A NetApp storage system has a snapshot that cannot be deleted. I'm trying to delete this snapshot either because I need to free space on my storage system, or else my DPXcondense is failing on RC=16 on 'unable to delete snapshot' message. The error message I get refers to the snapshot being LUN busy, or busy with a LUN clone operation. I have already destroyed all system LUN's but the issue persists.

Resolution

The LUN-Busy condition is not a bug with DPX. LUN-Busy is the expected behavior of a NetApp storage system with regard to iSCSI LUN's and preserving point-in-time snapshot state. iSCSI mapping to snapshot data is a feature provided as a data recovery resource, and is not intended to support long lasting enterprise iSCSI SAN needs.

Short answer:

This LUN-Busy condition with a snapshot exists when a logical unit (LUN) is created on the storage system to use Instant Availability (IA) to iSCSI map a drive. The LUN-Busy snapshot becomes un-deletable if the iSCSI drive is mapped and busy and then another snapshot is taken of the volume.

All snapshots that are involved with the undeletable LUN-Busy snapshot must be deleted first before the busy snapshot can be removed.

 

Explanation:

The IA feature of DPX is supported through an iSCSI option that is a licensed component of your NetApp storage system.

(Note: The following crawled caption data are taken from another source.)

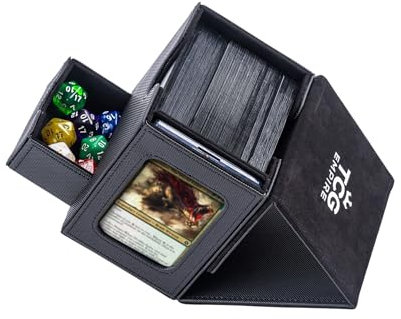 TCG Empire Deck Box Compatibile con carte Pokemon, Magic, YuGiOh ecc. con Custodia Magnetica 35 PT - Porta mazzo da 100+ Carte con Commander Visibile, Porta Dadi e 2 Divisori(Nero)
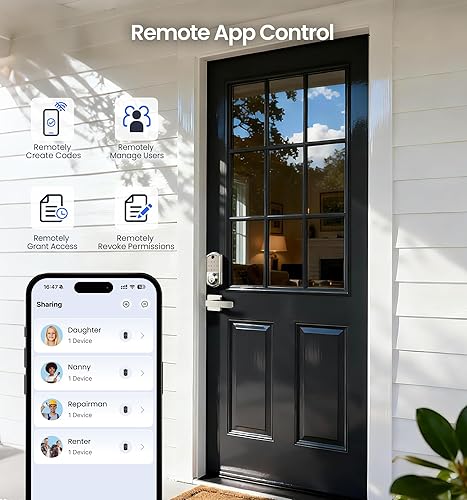 Miniatura 3 de Veise VE017-B Cerradura inteligente de huellas dactilares para puerta delantera, control de aplicación, cerrojo de entrada sin llave 7 en 1 con 2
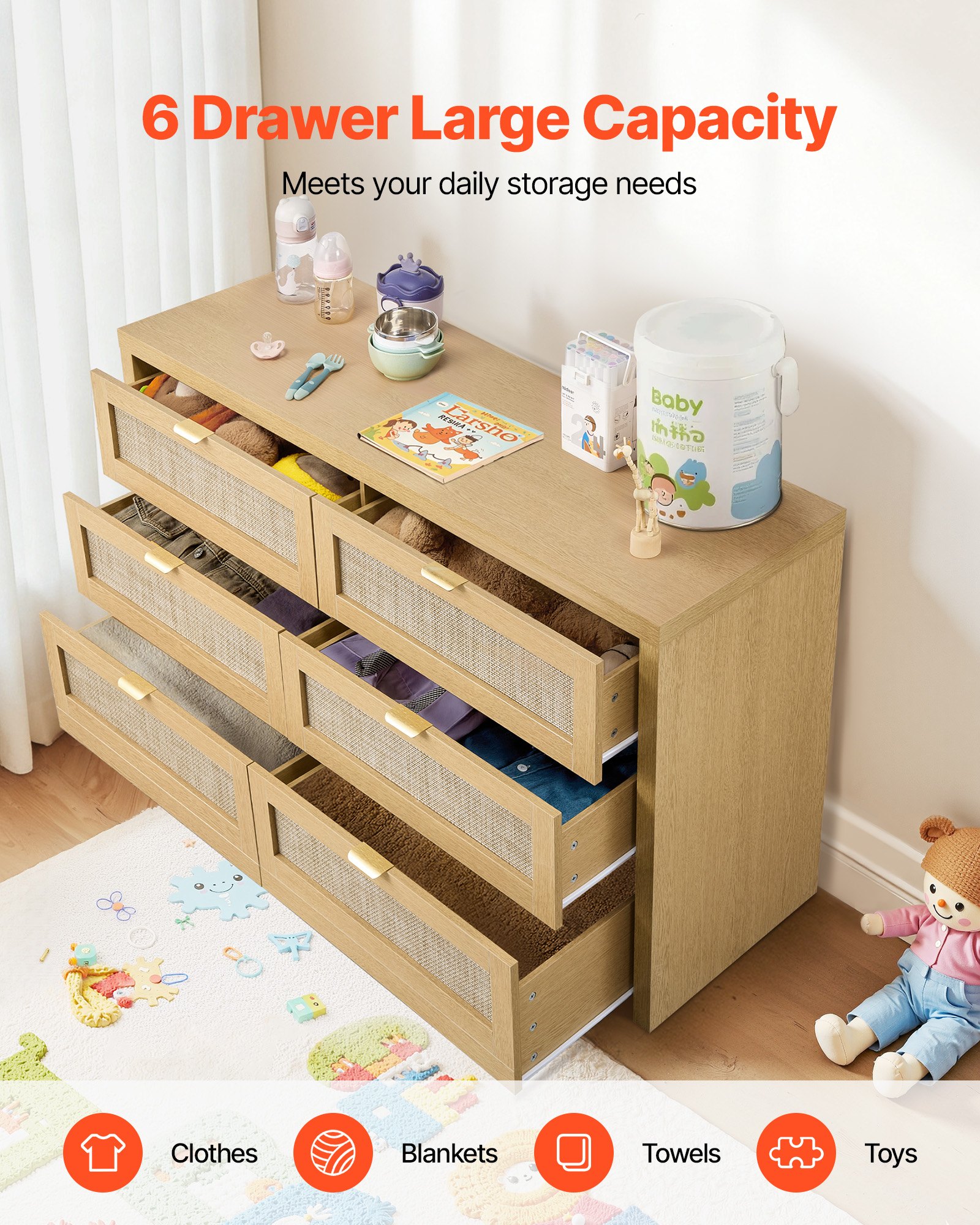 VEVOR Credenza con Armadio Rattan Intrecciato da 144,5 x 45 x 79,5 cm, Carico di 91 kg con 6 Cassetti e Maniglie in Metallo, Mobiletto Moderno in Rattan per Camera da Letto, Soggiorno, Corridoio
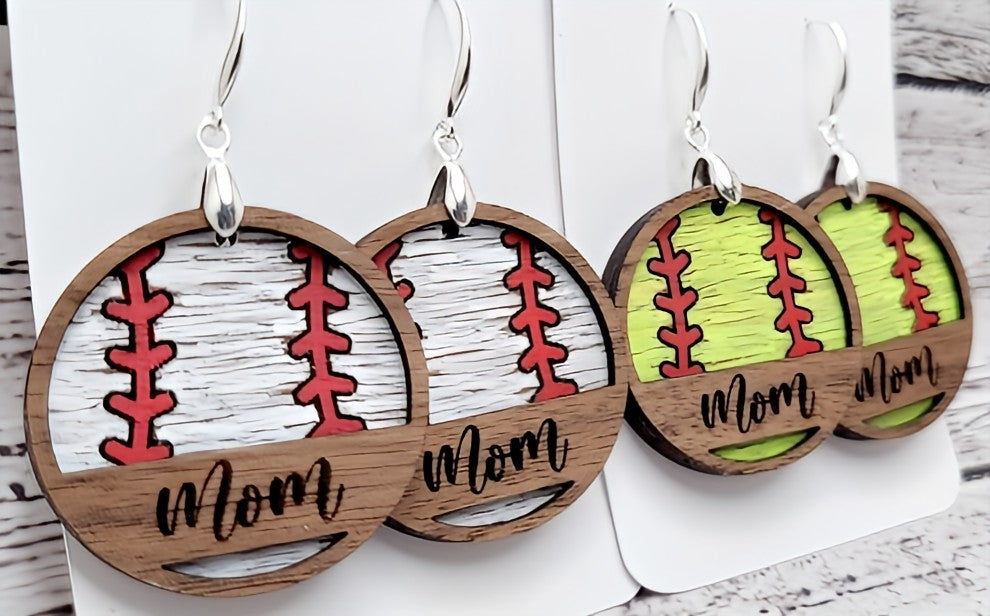 Mom overlay baseball/softball earrings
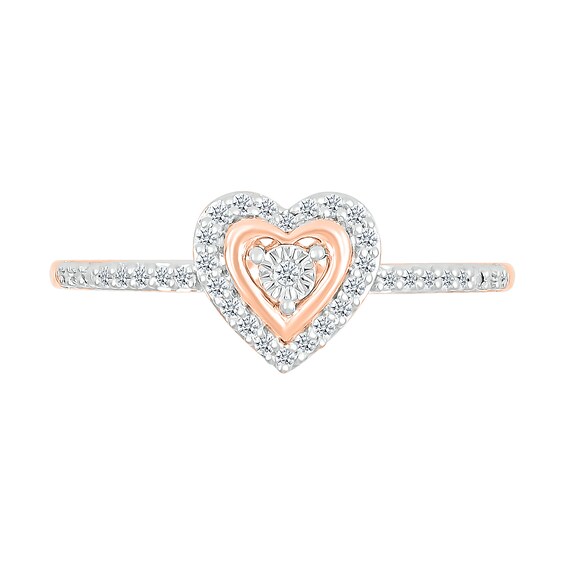 0.115 CT. T.W. Diamond Heart Frame Promise Ring in 10K Rose Gold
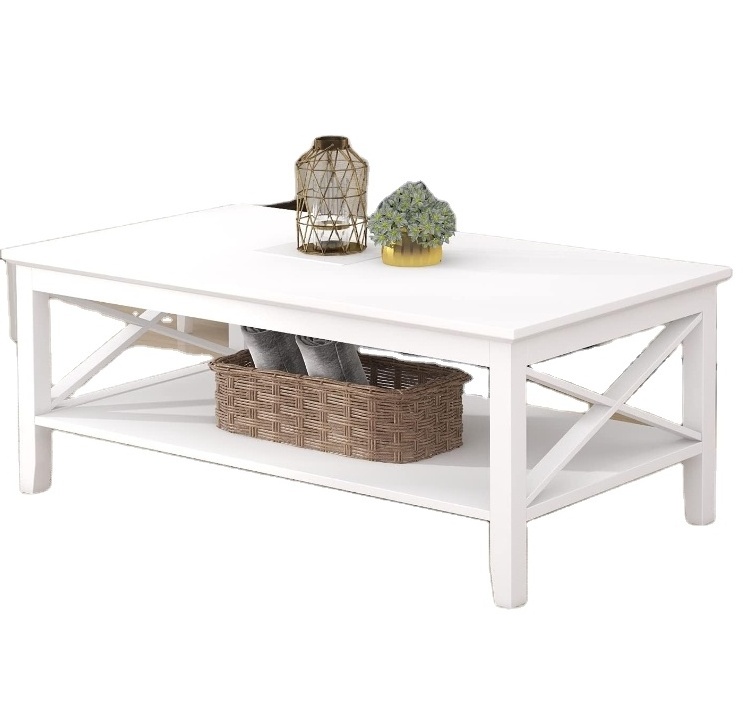 Solid Wood White Coffee Table with Thicker Legs, Black Wood Coffee Table with Storage for Living Room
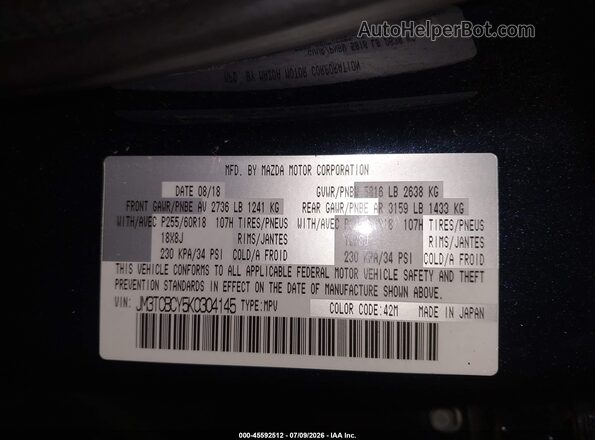 JM3TCBCY5K0304145 2019 MAZDA CX-9 Синий Вид подкапотного пространства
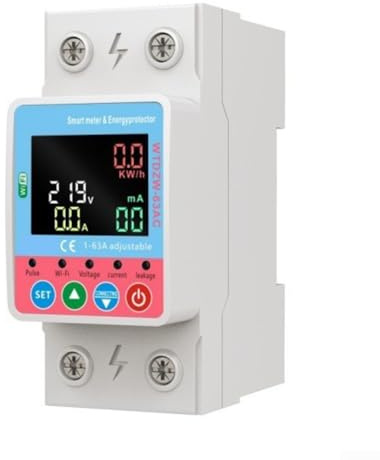 Disjoncteur intelligent WiFi 63 A, design monophasé avec suivi en temps réel de la tension et du courant, informations sur la consommation, protection contre les surintensités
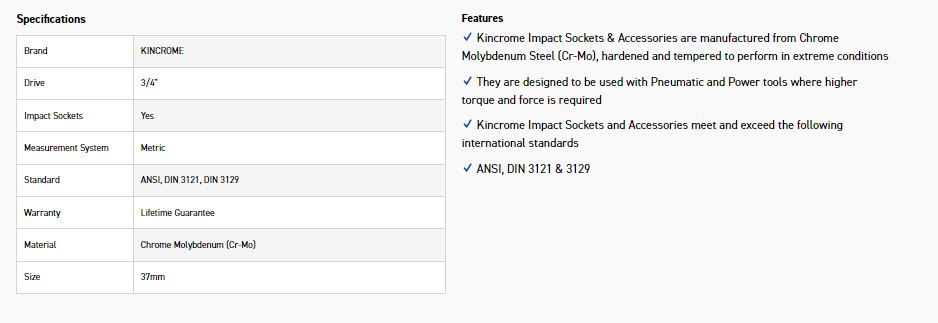KINCROME K2421 IMPACT SKT 3/4DRV 37MM - Image 2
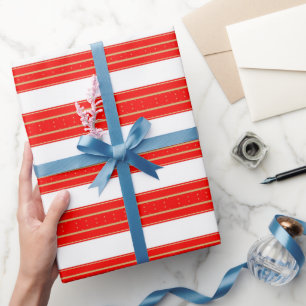 Koninklijke Kerst Strepen Cadeaupapier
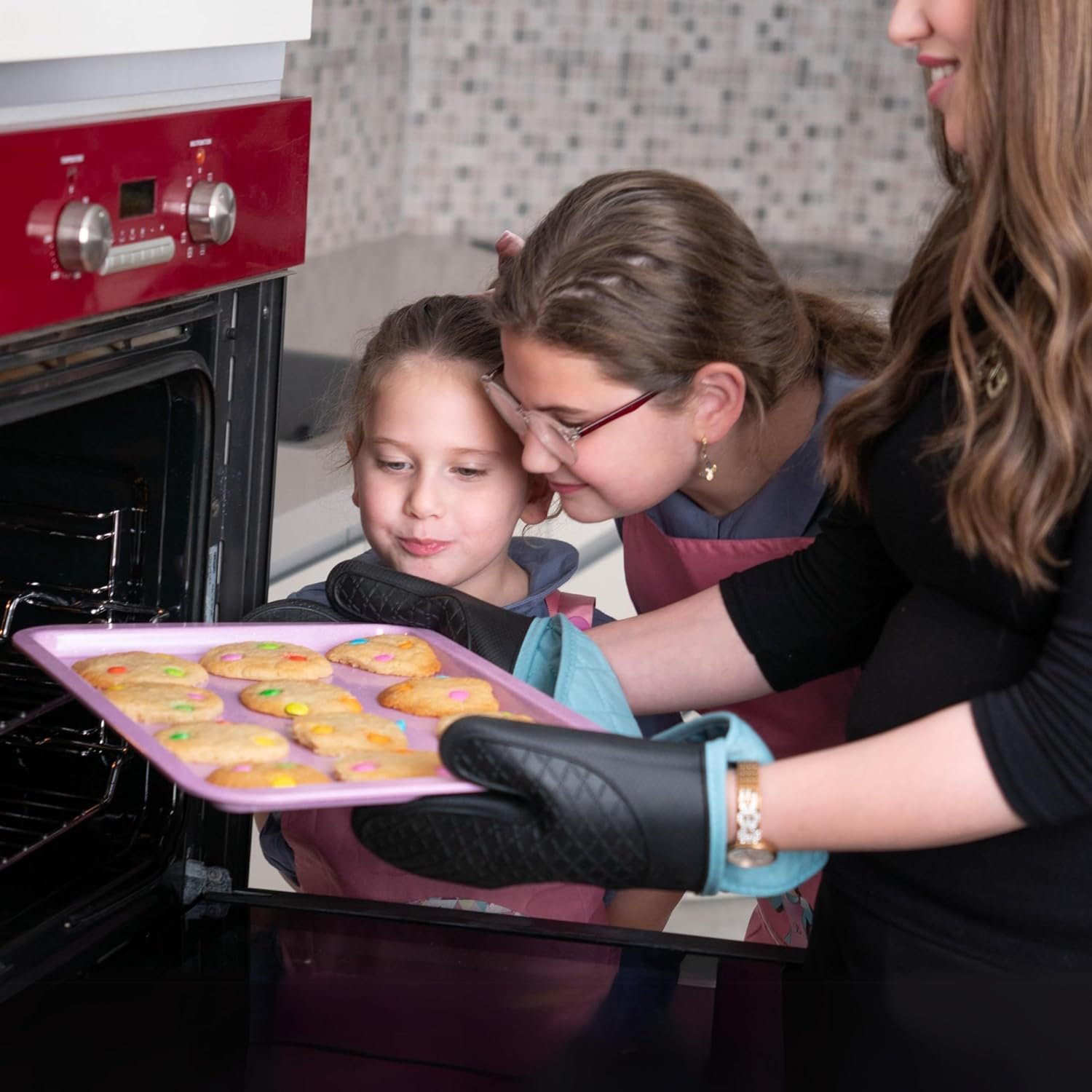 3 Pink Baking Sheet with Cooling Rack Pink Pans Set - Pink Cookie Sheet for Baking Nonstick with Wire Rack - Set of 3 Pink Baking Sheets for oven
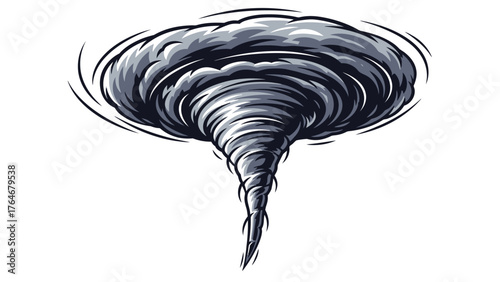 A pixelated illustration of a tornado with swirling clouds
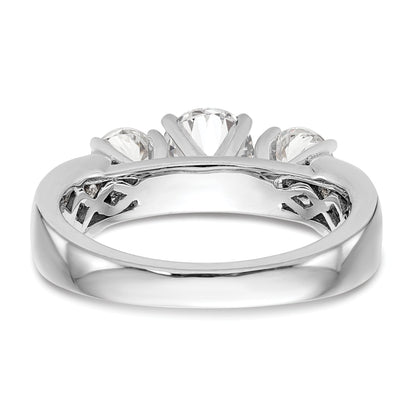 0.75ct. CZ Solid Real 14K White Gold Peg Set 3-Stone Engagement Ring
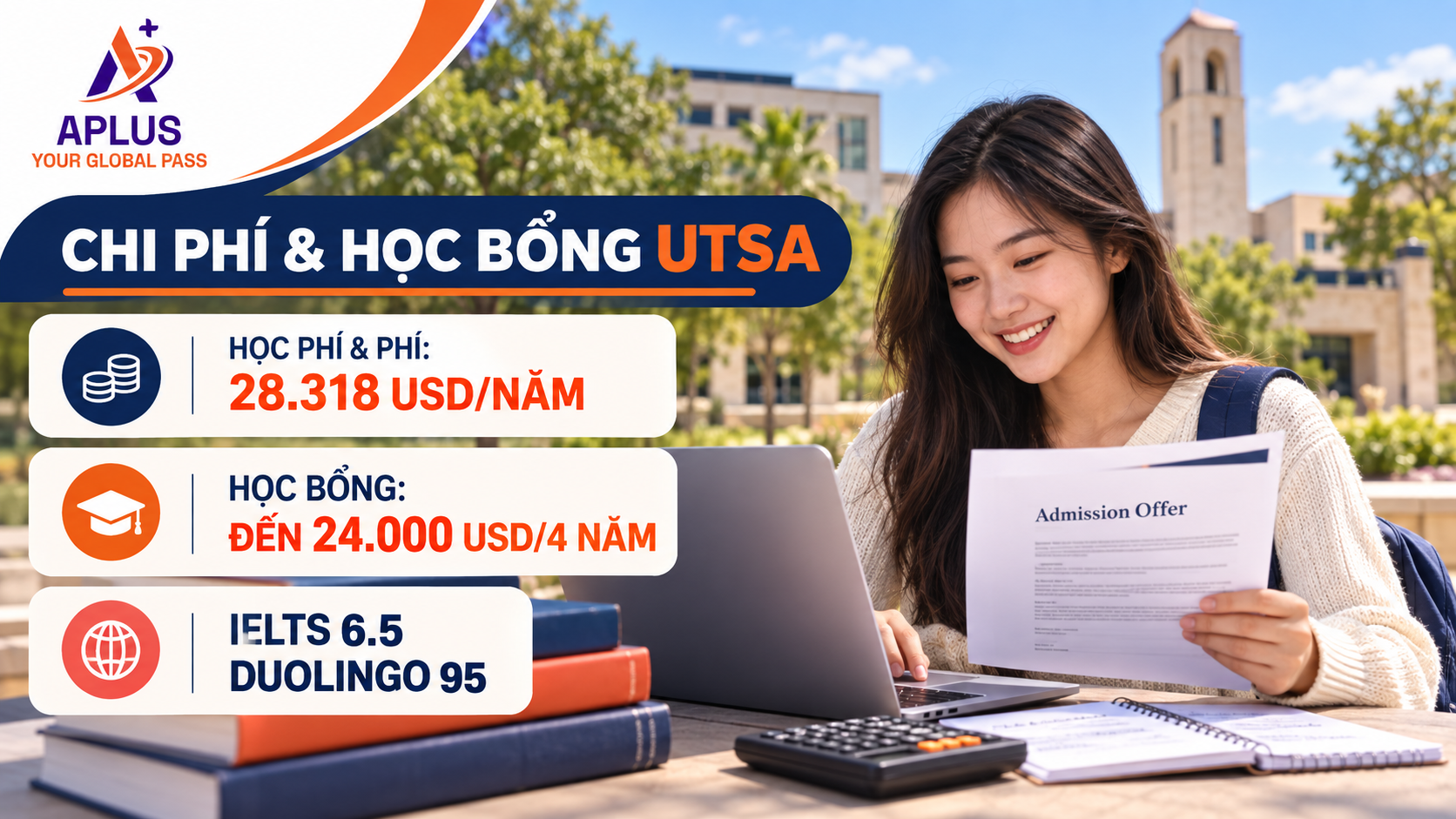 Học phí, học bổng và yêu cầu tiếng Anh UTSA năm 2026–2027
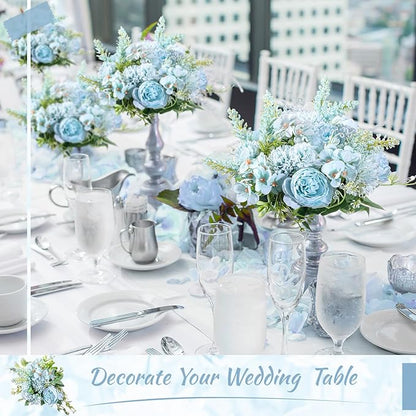 Zeyune 8 Pcs Wedding Silk Flowers Fake Silk Flowers Faux Bouquet Hydrangea Bouquets for Wedding Birthday Party Table Centerpieces Home Decoration(Blue,Peony)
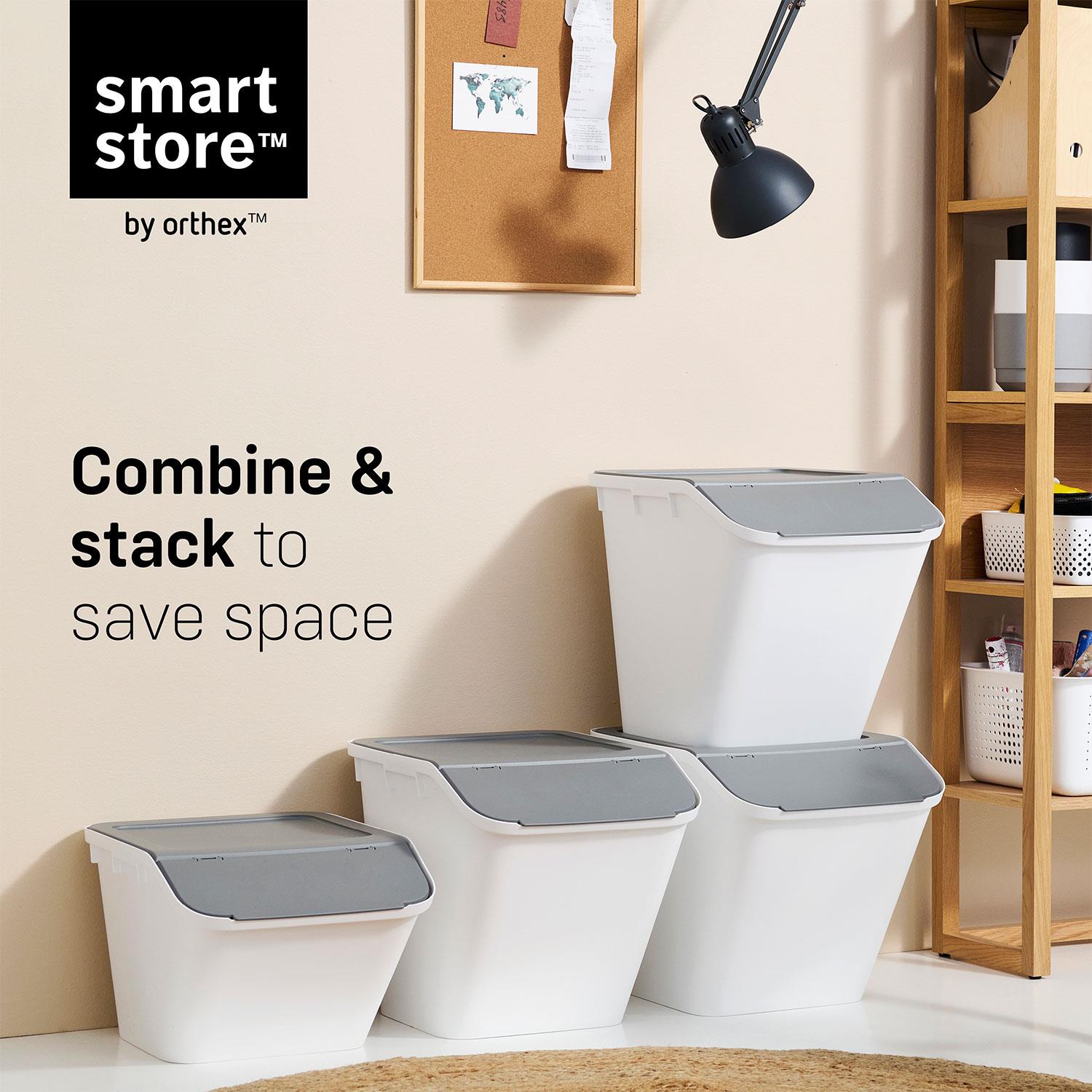 Collect Stack-it Multipurpose Storage Bin With Lid | Large | White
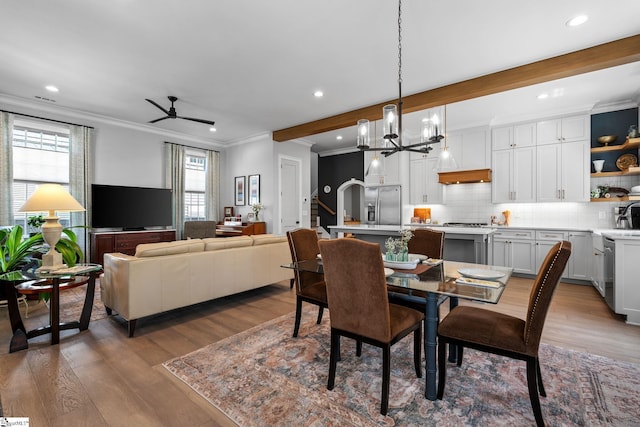 114 Burrough St, Greenville, SC 29615 - dining area with ornamental molding, ceiling fan, wood finished floors, recessed lighting, and a chandelier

A snapshot on a storage system is an immutable read-only resource representing a point-in-time file system view. When an IA map is initiated and backed by data contained in a snapshot, the storage system creates a separate set of data structures that keep track of change (write) activities. This data structure lives on the volume with the read-only snapshot data, and together these are used to present to the iSCSI initiator host a virtual read/write block device (the IA map drive data from the snapshot/backup requested). Usually when the IA map is disconnected and the LUN destroyed on the storage system, these writable data structures are removed and the read-only data in the snapshot remains unchanged.

The issue of an undeletable snapshot stuck in the LUN-Busy state comes about when an IA map (iSCSI) is created on a storage system, some block-level change activity takes place on the iSCSI device, and then another snapshot on that volume is taken while the IA map is still connected. The snapshot can either be the result of a manual snapshot specified by the ONTAP web GUI, a snapshot taken from the ONTAP command line interface, an ONTAP scheduled snapshot, or when DPX completes a new Snapvault backup and triggers a snapshot on the storage system volume. This new snapshot preserves all known file system state at that point in time, including the status of snapshots made busy due to iSCSI transactions. The side effect of this is that each snapshot taken while the iSCSI device is mounted holds a reference to these LUN data structures. This condition persists even when all LUNs have been destroyed and removed from the storage system.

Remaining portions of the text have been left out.